Once upon a time there were only two ways to figure out what your magic item actually did: magical identification or trial and error. Magical identification usually involved time and material resources. Since these were not always available the trial and error method was a lot more common. Once a magical aura was detected the PCs would just start using it and hope for the best.

In the case of weapons or armor the DM wouldn’t reveal the enchantment bonus until it was actually discovered. Until then the DM would add the requisite amount to attack and damage rolls for weapons and defenses for armor. It meant more work for the DM but it made the game a lot more exciting and fun.

In the case of less obvious magical items, basically anything not a weapon or armor, the PCs just put it on and when the conditions were met it would activate. Once the power kicked in the DM would incorporate that into the narrative and the player would be able to record the actual item’s power on his character sheet. Again, it was a little bit more bookkeeping for the DM but it was a lot more fun for the players.

The 4e DMG flat out contradicts the idea of withholding this information. In fact it says “It’s not fun to use a magic item without knowing its capabilities. Tell the players at least any numerical bonus the item gives. You don’t want to hear ‘I hit AC 31… plus whatever this sword’s bonus is,’ for hours or weeks on end.”

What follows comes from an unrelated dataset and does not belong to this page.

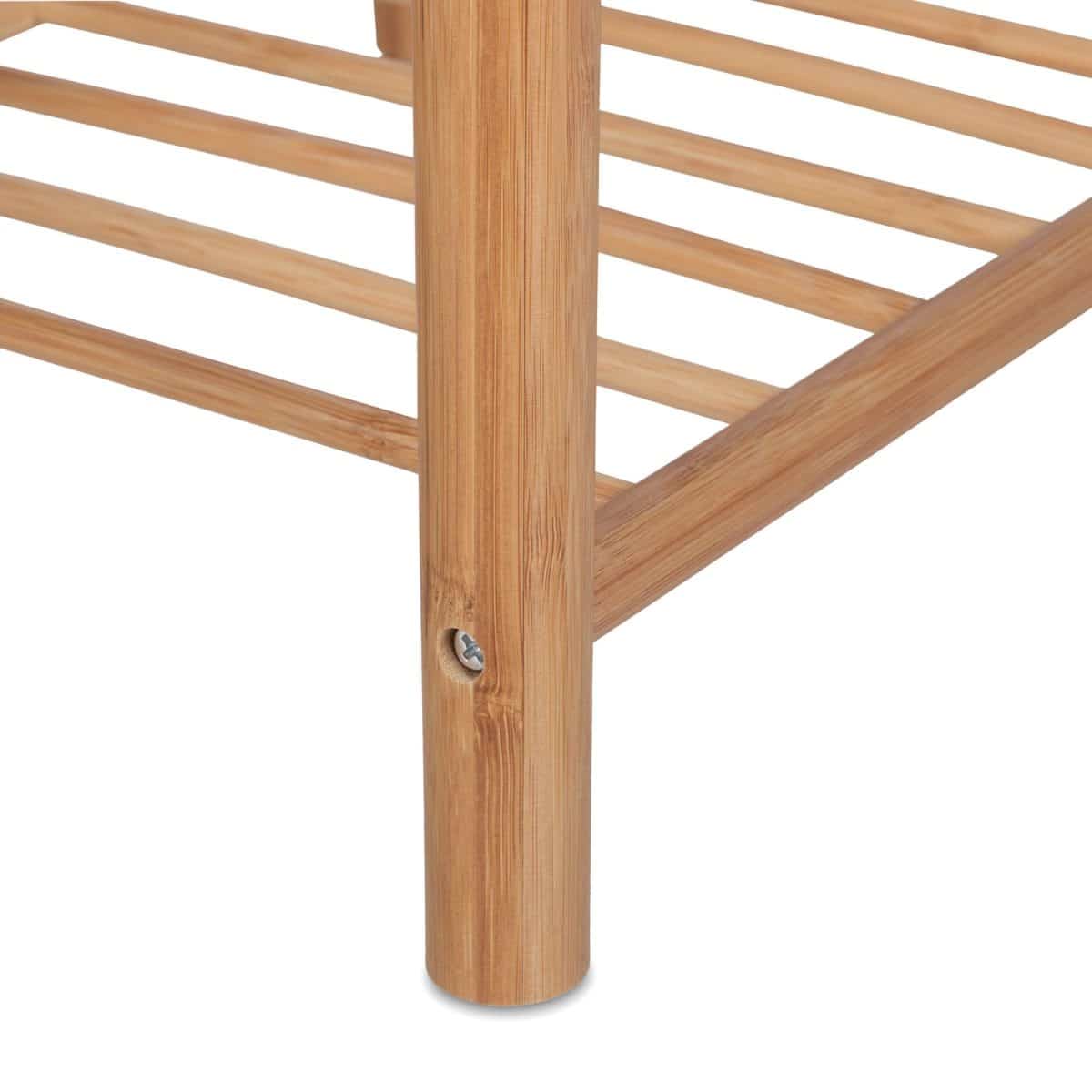 Noptiera cu sertar si raft, alb/natur, MDF/bambus, 55,5 x 40 x 35 cm - imagine 2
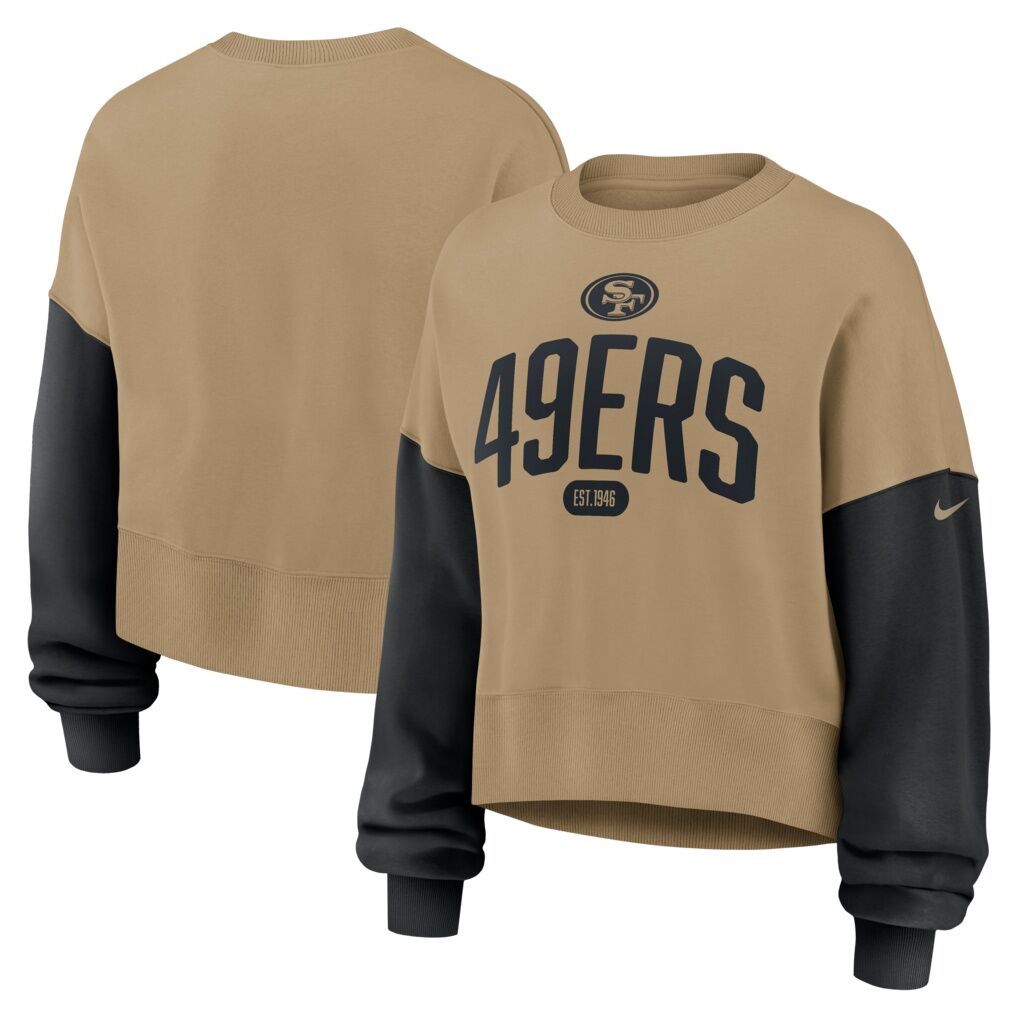 San Francisco 49ers Nike Women's Oversized Rewind Phoenix Fleece Sweatshirt - Beige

I don’t know if I agree with this statement. Some of my fondest memories of D&D involve using (or not using) magic items that the party has not identified. When a party finds an item they have to decide if they should identify the item now or leave it for later. Unless time and money are in vast supply the usual decision is to wait. Most players will risk using an enchanted item rather than stowing it until it can be identified. Unless the DM has a propensity to use cursed items in his game, there are very few down sides to using an unidentified magical item. In some cases the party discovers the items powers before they have time to identify it and they end up saving themselves time and money.

I remember numerous occasions when I was the DM and the party was using various unidentified items. I often created encounters that would intentionally give the PCs opportunities to meet the conditions required to activate their items. The players knew I often did this and they looked forward to it. It didn’t always work out as I intended but it was always a lot of fun. When a PC had boots that allowed him to jump greater distances or a Ring of Feather Falling I had a lot of pits and wide ledges that the players could jump across. When a PC had a weapon that was really a fire weapon or armor that provided resistance to cold I had them fight cold-based monsters. You get the idea.

In the case of magical weapons and armor the PCs usually figured out the enchantment bonuses by the end of one gaming session. If not I usually revealed it to them for the exact reason stated in the DMG.

Tracking the true properties of every unidentified magical item certainly put more work on the DM’s shoulders but it was often well worth it. The players felt every item was special because they often had no idea that they only had a +1 long bow. All they knew was that it was magical and that was good enough. When the party had some down time, usually between adventures or during a long journey, the Wizard or other character with suitable skills or spells to identify the loot would do so.

By making the magical identification process something that actually expends resources it allows players to choose whether or not identifying items is something they want to excel. Players could tailor their PC by taking powers, feats, and rituals that allowed them to identify items faster and easier. The down side is that they had to sacrifice other options that might give them bonuses to attack and defenses. It all depended on the kind of character the player was interested in running.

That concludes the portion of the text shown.